Dies gilt auch dann, wenn der Jahresabschluss des Steuerpflichtigen über ein uneingeschränktes Testat eines Wirtschaftsprüfers verfügt – obwohl heutige Abschlussprüfungen auch auf vergleichbare Systemzugriffe und -downloads zurückgreifen.
Wenn die Beweiskraft der Buchführung entfällt, zieht dies unmittelbar eine vollständige Schätzbefugnis des Betriebsprüfers nach sich. Somit sind Betriebsprüfer zukünftig gesetzlich legitimiert, die Buchhaltung in solchen Fällen für steuerliche Zwecke als nichtig zu betrachten. Dies unterstreicht die nunmehr nochmals gestiegene Bedeutung der Exportoptionen aus allen steuerrelevanten Systemen. Neben den neuen Regelungen zu den Datensätzen selbst erfahren auch die Konsequenzen bei der fehlenden Bereitstellung von ausreichenden Datensätzen für die digitale Betriebsprüfung eine deutliche Verschärfung.

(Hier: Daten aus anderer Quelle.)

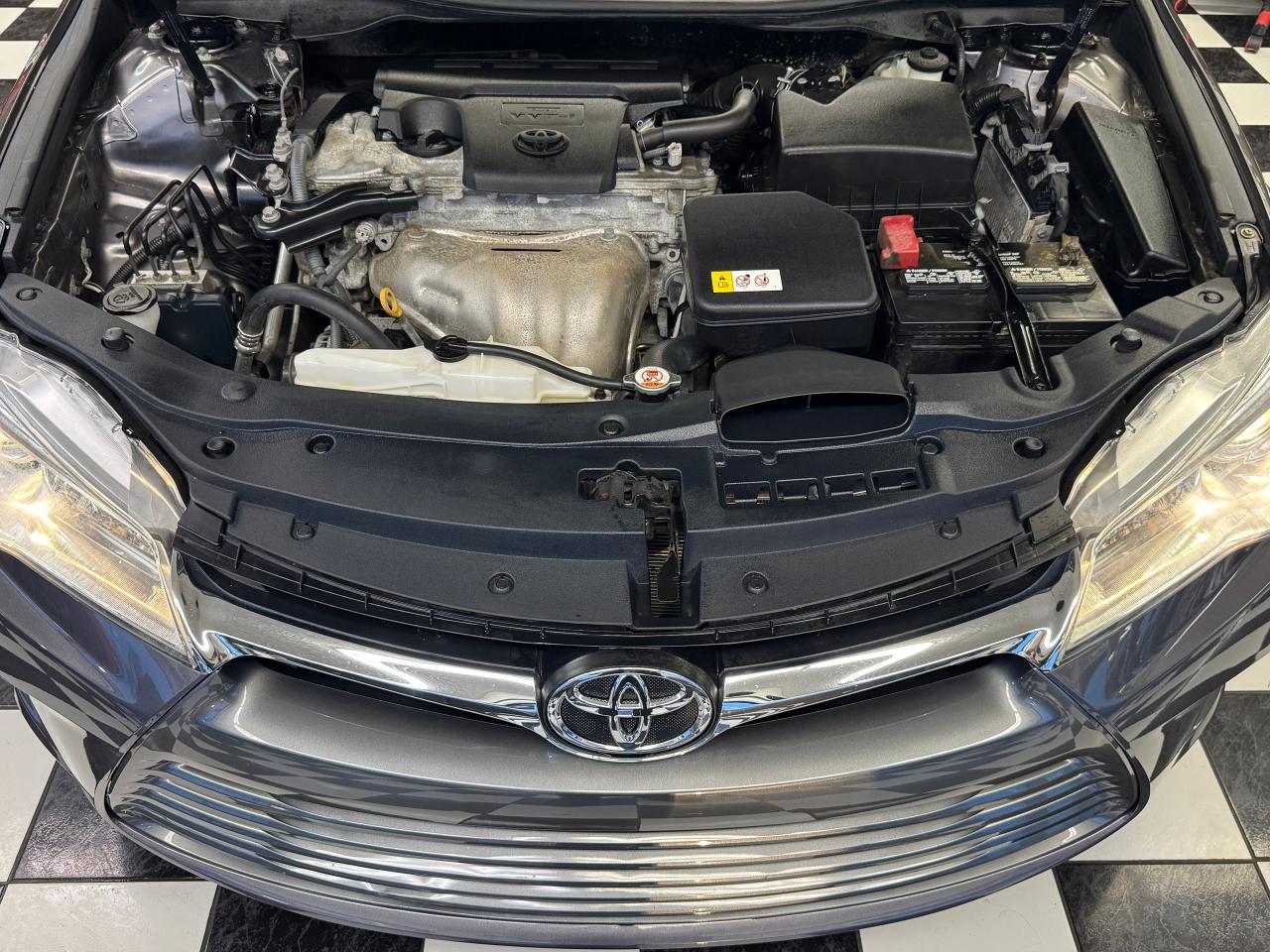 2017 Toyota Camry LE+New Tires+Brakes+Camera+Bluetooth+CLEAN CARFAX Photo73
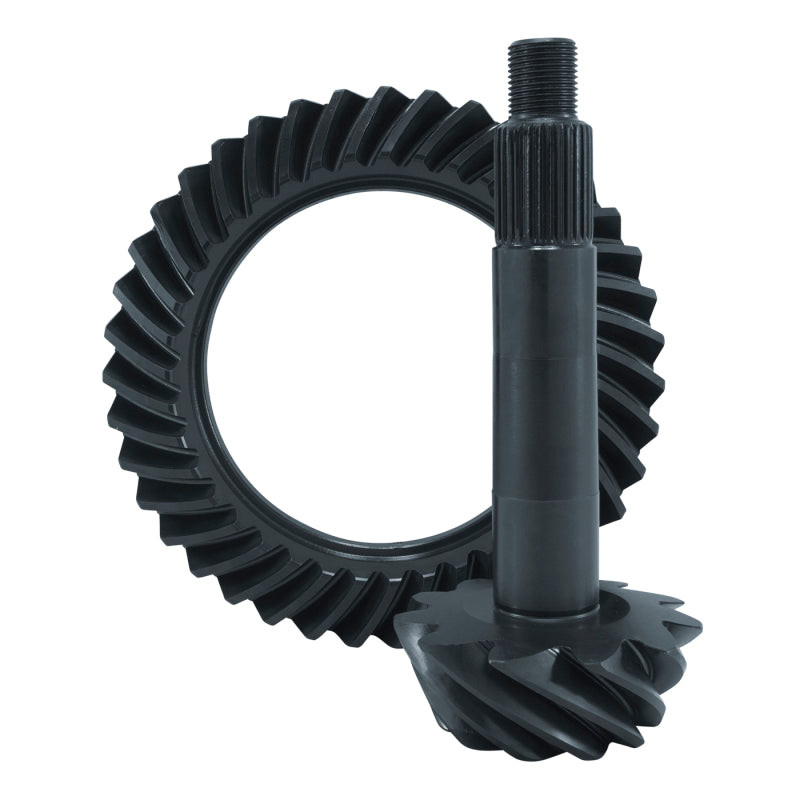 Yukon Gear & Axle Yukon Gear High Performance Gear Set For Chrysler 8.75in w/41 Housing in a 3.73 Ratio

Konsequenzen der digitalen Betriebsprüfung
Mit Hilfe des § 147b AO-neu schafft der Gesetzgeber die Möglichkeit, digitale Schnittstellen und Datensatzbeschreibungen bestimmen zu können. Damit wird, analog zu den Regelungen für Zwecke der Exporte der Lohnbuchhaltung und der Kassensysteme, auch für die Exporte der Finanzbuchhaltung ein einheitlicher Datenexport geschaffen.
Einheitliche Datenschnittstellen sind in Deutschland seit dem Jahr 2018 für die Lohnbuchhaltung (sog. „DLS“ - digitale Lohnschnittstelle) sowie seit dem Jahr 2020 für die Kassensysteme (sog. DSFinV-K) im Einsatz. Dies bietet im Rahmen von Betriebsprüfungen eine Reihe von Vorteilen, wie z.B. die durch den Mindestumfang geschaffene Rechtssicherheit, dass die Datensätze die wesentlichen Informationen enthalten und für Zwecke der Betriebsprüfung lesbar sind. Die Einführung eines Mindeststandards kann jedoch auch massive Änderungen in Buchführungs- und ERP-Systemen nach sich ziehen, auf die sich alle Steuerpflichtigen vorbereiten müssen, insbesondere wenn die zu definierende Schnittstelle einen verpflichtend bereitzustellenden Mindestinformationsumfang definiert.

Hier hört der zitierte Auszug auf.